The Ansoffs matrix provides a very simple but very effective focus for considering different options for growth, and shows whether it is better to find new customers for existing products, offer more products to the existing consumer, or stay with existing products and attempt to gain a greater share of the market. Each section of Ansoffs matrix shows a strategy which would be used in times with what you are doing. There are four possible product/market combinations: Market development, Market Penetration, Diversification and Product Development. This can be shown in the figure below.
An established product in the marketplace can be tweaked or targeted to a different customer segment, as a strategy to earn more revenue for the firm. For example, Lucozade was first marketed for sick children and then rebranded to target athletes. This is a good example developing a new market for an existing product.
This involves increasing sales of an existing product and penetrating the market further by promoting the product heavily or reducing prices to increase sales. This strategy has the lowest risk strategy as the firm knows the product and the market. Market penetration is often used by supermarkets and large retail chains.

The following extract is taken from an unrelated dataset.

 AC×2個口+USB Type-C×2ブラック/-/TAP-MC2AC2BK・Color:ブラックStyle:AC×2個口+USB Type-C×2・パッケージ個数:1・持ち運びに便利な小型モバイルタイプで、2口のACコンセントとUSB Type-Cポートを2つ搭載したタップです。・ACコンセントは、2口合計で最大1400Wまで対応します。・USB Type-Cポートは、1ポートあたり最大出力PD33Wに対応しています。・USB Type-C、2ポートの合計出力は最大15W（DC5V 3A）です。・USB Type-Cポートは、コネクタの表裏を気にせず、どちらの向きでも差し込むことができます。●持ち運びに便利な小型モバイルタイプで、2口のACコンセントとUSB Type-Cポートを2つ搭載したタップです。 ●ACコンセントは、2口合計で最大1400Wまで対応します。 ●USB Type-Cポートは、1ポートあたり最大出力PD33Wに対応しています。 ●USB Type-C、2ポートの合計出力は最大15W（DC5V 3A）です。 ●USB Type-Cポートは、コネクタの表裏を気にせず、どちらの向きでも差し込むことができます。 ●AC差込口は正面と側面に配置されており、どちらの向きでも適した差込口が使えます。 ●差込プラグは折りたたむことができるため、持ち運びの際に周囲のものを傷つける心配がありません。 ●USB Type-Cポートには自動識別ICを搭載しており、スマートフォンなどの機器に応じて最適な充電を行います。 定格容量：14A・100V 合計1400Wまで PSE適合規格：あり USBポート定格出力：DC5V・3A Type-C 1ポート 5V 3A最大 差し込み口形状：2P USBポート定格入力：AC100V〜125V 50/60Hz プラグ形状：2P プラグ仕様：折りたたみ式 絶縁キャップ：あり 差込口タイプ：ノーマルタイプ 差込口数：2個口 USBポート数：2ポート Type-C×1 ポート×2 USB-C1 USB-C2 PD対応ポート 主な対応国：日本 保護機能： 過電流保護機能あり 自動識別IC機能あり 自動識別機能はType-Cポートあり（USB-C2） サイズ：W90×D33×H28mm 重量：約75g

Diversification involves launching a new product in a new market. It can also be the most rewarding, as a fresh perspective on a market can often pay huge dividends and deliver a huge competitive advantage to a smart and able company. A lot of research is needed to get things right, and perhaps consultancies will be called in to help educate the business about its new
challenges. Diversification can also decrease risk, because a large corporation can spread certain risks if it operates on more than one market.
Product Development is a medium risk strategy as the business is familiar with the market but not the new product. The business develops/introduces new products into existing markets with the aim of selling the new product to existing customer groups. For example Microsoft with their Xbox2 game console introduced the Kinect, and there is an additional feature on that allows customers to play without the use of a controller, much like the Nintendo Wii. This is an example of a new product which simply needs to be added onto the existing model aimed at the existing market.
ANSOFF MATRIX APPLIED TO APPLE INC.
Apple Inc. has diversified immensely since its inception and has emerged to be the leader in the computer industry because of its unique and timely innovative products and services. Same can be explained with the help of Ansoffs matrix. Market development
The fourth and last strategy of ansoff is the market development. For market development and to increase revenue, Apple Inc. had a huge potential in emerging markets such as China and India. Even though there was intense competition in these markets, Apples differentiated strategy helped it develop its products/ services in these emerging markets. More than one million iPhones have already been sold and this reflects the demand for Apple products in other markets of the world. Market Penetration
The first strategy used by ansoff is the market penetration. This means that the existing market should be further developed that is selling more of your product in an existing market. This means that if Apple Inc. wants to sell more iPhones, it should convince the customers buying the product of its competitors to buy Apples products. There are several ways in which Apple Inc. might attempt to do so and two of them are: 1) Using pricing strategies:
This simply refers to advertise so that people get to know more about the
product being offered for sale and the organisation is able to maintain or to increase its market share. 2) Drive out competitors:
One of the main competitors of Apple Inc. is Samsung Electronics and it is very difficult for Apple Inc. to drive Samsung Electronics out of the market particularly after the launch of Samsungs android operating system. So the best that Apple Inc. could do is that it could promote massively its products and this should be supported by a good pricing strategy as this would make the products of its competitors unattractive.
The third strategy is diversification that is launching a new product in a new market. Apple originally started as Apple computers, best known as the Macintosh personal computers. Later Apple Inc. shifted towards a digital hub strategy which was initiated by the launch of the iPod in 2001, followed by the IPhone in 2007 and finally the iPad in 2010. This helped the company to diversify as it not only produced personal computers but also many other digital products.
The common thread for all apple products/services was the organisations innovation and unique design which differentiated Apple from its various competitors and gave the company a competitive advantage over the other companies.
The second strategy involves launching a new product to the firms existing customers. Apple Inc., already have a global presence, in major markets, and the company understands its customer inside-out, it arguably offers the best trade-off between risk and reward. By launching the iPad, iPhone and operating systems to the same audience Apple Inc. builds up integrated customer relationships across multiple platforms and therefore creates brand loyalty. This increases the likelihood of new products being a success.